This is part two of our Promoting student wellbeing blog. In this post we look at two more factors from our Effective Student Model that helps to build student wellbeing and assist students to manage themselves more effectively at school.
See our previous wellbeing blog if you missed part one where we talked about students having their basic needs met and solving problems.
Students are better able to manage their school day and learn effectively when they are able to interact pro socially with others and have control over their feelings and behaviours. Below are some ideas to assist individual students who may be particularly tired, upset or grumpy at this busy time of the year, impacting on learning for themselves and others.
Manages emotions and behaviour
- Upset behavior – rate the upset from 1 to 10, where one is ‘not upset’ and 10 is the ‘worst upset possible’. Use a thermometer or vertical number line to illustrate the concept.

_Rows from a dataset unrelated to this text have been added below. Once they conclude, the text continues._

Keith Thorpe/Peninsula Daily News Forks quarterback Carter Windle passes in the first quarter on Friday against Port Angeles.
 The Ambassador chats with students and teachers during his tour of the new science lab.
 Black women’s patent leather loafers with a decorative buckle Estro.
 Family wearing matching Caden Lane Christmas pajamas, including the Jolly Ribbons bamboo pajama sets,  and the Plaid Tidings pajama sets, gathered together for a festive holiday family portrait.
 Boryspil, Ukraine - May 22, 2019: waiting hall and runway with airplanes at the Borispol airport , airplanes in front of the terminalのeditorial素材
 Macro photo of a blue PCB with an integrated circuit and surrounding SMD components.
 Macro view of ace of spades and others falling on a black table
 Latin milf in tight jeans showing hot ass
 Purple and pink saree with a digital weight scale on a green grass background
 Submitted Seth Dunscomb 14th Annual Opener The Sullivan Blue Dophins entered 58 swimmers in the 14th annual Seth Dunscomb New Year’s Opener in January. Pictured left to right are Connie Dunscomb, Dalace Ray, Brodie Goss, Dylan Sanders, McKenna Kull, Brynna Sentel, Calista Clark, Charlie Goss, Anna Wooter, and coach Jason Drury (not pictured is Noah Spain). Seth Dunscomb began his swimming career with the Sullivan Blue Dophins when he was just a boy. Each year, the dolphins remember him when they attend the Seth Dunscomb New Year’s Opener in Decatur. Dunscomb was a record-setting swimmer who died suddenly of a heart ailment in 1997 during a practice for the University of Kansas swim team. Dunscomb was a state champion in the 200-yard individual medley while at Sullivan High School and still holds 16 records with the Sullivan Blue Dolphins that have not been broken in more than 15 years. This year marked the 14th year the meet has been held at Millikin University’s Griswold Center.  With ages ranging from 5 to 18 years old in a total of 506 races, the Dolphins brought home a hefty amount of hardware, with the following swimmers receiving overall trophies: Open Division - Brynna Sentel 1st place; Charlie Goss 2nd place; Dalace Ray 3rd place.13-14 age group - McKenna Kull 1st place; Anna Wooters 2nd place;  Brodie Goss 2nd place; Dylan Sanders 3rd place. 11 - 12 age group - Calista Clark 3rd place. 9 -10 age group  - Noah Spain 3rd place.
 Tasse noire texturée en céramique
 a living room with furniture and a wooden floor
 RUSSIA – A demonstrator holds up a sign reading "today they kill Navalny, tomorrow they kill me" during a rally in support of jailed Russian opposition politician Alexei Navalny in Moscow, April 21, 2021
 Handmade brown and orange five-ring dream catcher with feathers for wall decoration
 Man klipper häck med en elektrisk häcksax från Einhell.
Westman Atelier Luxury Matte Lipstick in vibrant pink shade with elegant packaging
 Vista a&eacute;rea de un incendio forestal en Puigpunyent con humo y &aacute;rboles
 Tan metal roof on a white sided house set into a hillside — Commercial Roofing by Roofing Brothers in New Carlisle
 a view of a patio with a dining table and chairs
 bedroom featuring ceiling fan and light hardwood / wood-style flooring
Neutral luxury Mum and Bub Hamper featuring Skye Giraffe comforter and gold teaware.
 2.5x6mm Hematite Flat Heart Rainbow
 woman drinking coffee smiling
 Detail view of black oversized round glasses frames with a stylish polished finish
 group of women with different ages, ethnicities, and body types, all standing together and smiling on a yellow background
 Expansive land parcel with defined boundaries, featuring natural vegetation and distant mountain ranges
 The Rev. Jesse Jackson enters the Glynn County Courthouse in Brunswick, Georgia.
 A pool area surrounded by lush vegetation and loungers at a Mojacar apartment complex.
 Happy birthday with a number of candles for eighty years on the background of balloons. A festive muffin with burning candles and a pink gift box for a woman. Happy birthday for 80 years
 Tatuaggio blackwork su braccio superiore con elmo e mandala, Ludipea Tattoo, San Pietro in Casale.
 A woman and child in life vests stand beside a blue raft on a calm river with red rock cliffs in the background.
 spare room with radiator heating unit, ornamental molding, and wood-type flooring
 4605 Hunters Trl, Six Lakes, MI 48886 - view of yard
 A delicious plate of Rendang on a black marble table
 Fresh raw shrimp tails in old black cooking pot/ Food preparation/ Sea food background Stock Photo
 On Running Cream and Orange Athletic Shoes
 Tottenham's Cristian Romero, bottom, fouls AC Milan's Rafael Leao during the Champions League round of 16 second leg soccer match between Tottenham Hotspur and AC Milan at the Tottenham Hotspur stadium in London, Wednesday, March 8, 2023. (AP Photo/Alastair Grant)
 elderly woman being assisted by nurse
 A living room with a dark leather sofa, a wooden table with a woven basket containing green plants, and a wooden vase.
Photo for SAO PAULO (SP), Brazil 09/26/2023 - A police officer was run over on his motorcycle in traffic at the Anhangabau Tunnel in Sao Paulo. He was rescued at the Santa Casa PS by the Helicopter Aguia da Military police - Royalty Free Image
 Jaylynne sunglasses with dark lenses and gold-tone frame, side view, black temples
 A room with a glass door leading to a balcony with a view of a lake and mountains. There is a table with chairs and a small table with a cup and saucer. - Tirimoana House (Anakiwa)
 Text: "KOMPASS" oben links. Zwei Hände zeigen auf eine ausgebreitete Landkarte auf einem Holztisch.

Then ask, ‘What would it take for your upset behavior to be one or two points less?’ Discuss the student’s response and develop a simple plan to carry out actions to reduce the behavior.
- Put things in perspective. Have the student realistically rate the upset out of 10 with an increased emotional vocabulary at hand. Brainstorm words like ‘annoyed’, ‘frustrated’, ‘cross’, ‘peeved’, ‘chilled’, ‘angry’. The upset may be re-rated as 3 or 4 out of 10 on the vertical scale, rather than the initial unrealistic 8 or 9 out of 10. Emphasise to the student that there is no need to overreact or get ‘upset and angry’ when you are really only feeling ‘upset and annoyed’.
- Impulsive and annoying behaviours. Help the student (or the class) to learn ‘stop–think’ behaviour. For more information see http://www.stopthinkdo.com Ask the student to ‘catch themselves’ before making or doing an inappropriate sound or action. Ask them to count backwards from five rather than acting on impulse. The use of positive behaviour charts for several days to graph and promote good behavior might be a useful short-term solution for younger students. For older students suggest they notice peers who manage their behaviours well, and have them observe and copy these positive peer models.
- Where social intolerance is taking place, challenge the students involved to ‘get on’ with the other student for 7 days. Practising tolerance can be habit building. Begin by having each student identify three positive characteristics about each other. At the end of the 7 days review with the students involved other ways they might build further tolerance or acceptance.
- Use alternative workspaces for some activities. For some activities it may be helpful to have a secluded workspace for the ‘grumpy’ student. This could be a desk in the corner of the room, or in a breakout room in view of the classroom. But as with many classroom tasks, starting the lesson together as a class and finishing the lesson together, where students share what they have completed, helps promote a socially inclusive learning environment.
- Implement a program involving random acts of kindness, where students are expected to engage in at least one act of kindness towards another person each day.
Teachers and parents are significant role models for all students. On all occasions teachers should remain calm, confident and consistent in their reactions and in their actions with students and others. Teacher modeling is paramount in building student wellbeing and assisting students to manage themselves more effectively at school.
Good luck with any transition programs, end of year festivities, last minute assessments and parent interviews, and best wishes as the school year begins to come to a close.